It is well established that the C-terminal domains of both yeast and human topoisomerase II are dispensable for the enzyme's basic catalytic activity (55,61). On the other hand, a large body of evidence suggests that the C-terminal domain plays a role in regulating the cellular functioning of topoisomerase II. Most notably, it contains crucial nuclear localization signals (55,62,63) and sites phosphorylated in a cell-cycle-related manner (38). Since the C-terminal domains are the most divergent portions of the two mammalian isoforms of topoisomerase II (16), it has been proposed that they determine specific functions differing between these two isoforms in vivo (39). Here, we provide direct evidence in support of this view. We demonstrate that the divergent CTRs of topoisomerase IIα and IIβ govern two features in which the two isoforms characteristically differ, namely binding to mitotic chromosomes and support of cell proliferation. We show that YFP-fused topoisomerase IIα is preferentially chromosome-bound during mitosis and fully supports proliferation of cells lacking endogenous topoisomerase IIα. In contrast, the majority of YFP-fused topoisomerase IIβ is not chromosome-bound at mitosis, and clones emerged from complementation experiments at greatly reduced frequencies. The specific features of the α isoform were stringently linked to the presence of the α CTR. Replacement of the CTR in topoisomerase IIβ with the α CTR produced an enzyme chimera that behaved like topoisomerase IIα, whereas the converse experiment produced an enzyme chimera behaving like topoisomerase IIβ.

The requirement of topoisomerase IIα for proper cell division has been suggested by indirect evidence showing an essential role in chromosome segregation, which is not readily adopted by the β-isoform (e.g. 25). More recently, depletion of topoisomerase IIα by various experimental strategies resulted in each case in an impaired separation of chromosomes in anaphase. (26,27,64). Here we describe a striking coincidence between the ability of all versions of topoisomerase II furnished with the α CTR to complement such a lack of endogenous topoisomerase IIα and the propensity of the complementing construct to bind to mitotic chromosomes. We even observe that the α CTR alone preferentially binds to metaphase chromosomes. It remains unclear whether chromosome binding is due to direct DNA-interactions, as suggested for various prokaryotic type II topoisomerases (65,66), or to interactions with other proteins, e.g. condensins (67) or HSP90 (68). However, the strict correlation between the binding to metaphase chromosomes and the support of cell proliferation suggests a mechanistic connection between the two. It can be hypothesized (i) that efficient separation of sister chromatids and proper cell division depend on a high, local concentration of active topoisomerase II at the mitotic chromosome, (ii) that under physiological conditions only the α isoform accumulates in sufficient concentrations at the mitotic chromosome, and (iii) that this feature is promoted by an intrinsic ability of the α CTR to bind to metaphase chromosomes. These hypotheses would assign to the α CTR the function of an adaptor that shifts the binding equilibrium of the entire enzyme molecule towards the bound state and thus provides the chromosome at mitosis with sufficient topoisomerase II activity to perform extensive DNA-decatenation in the course of sister chromatid segregation. Our finding that topoisomerase IIβ can also support cell proliferation when expressed at extremely high levels supports such a hypothesis: sufficient local concentration of active topoisomerase II at the mitotic chromosome cannot only be acquired by expressing normal levels of an enzyme having a high affinity (due to the α CTR), but also by expressing highly increased levels of an enzyme having a much lower one (due to the β CTR).

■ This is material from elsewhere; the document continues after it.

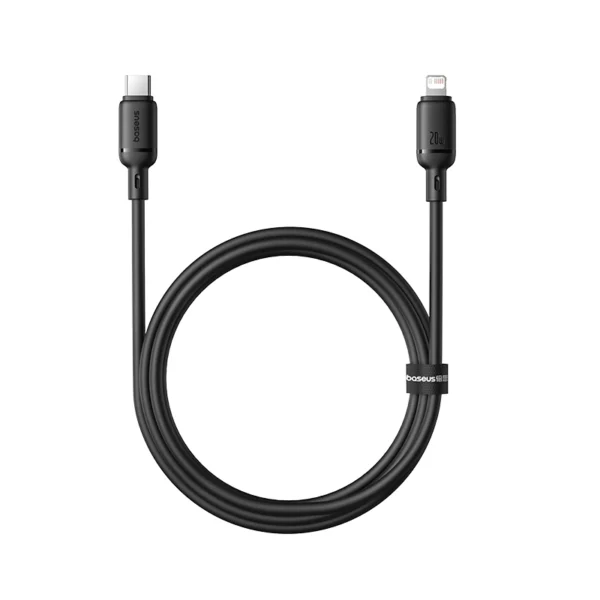 Baseus Silky Series 1 Meter 20W Type-C to Lightning Fast Charging Cable - Image 2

The above interpretation is more difficult to fit with complementation studies carried out in yeast that show that both mammalian isoforms are equally capable of rescuing temperature-sensitive Δtop2 yeast mutants (22,23). One explanation could be that yeast might be unable to discriminate between the two mammalian isoforms. However, this explanation is unlikely because mouse topoisomerase IIα and IIβ can be discriminated by yeast, in as much as they are distributed in a distinguishable manner in yeast cell nuclei (57). Another explanation could be that yeast is more tolerant to changes in topoisomerase II expression levels than human cells, which are readily killed by overexpression of these enzymes (69). Since high copy number vectors were used in the yeast studies for expression of the complementing enzymes, expression levels of the β isoform could have been high enough to enable efficient complementation of topoisomerase II functions in the same manner as seen here in a human cell line.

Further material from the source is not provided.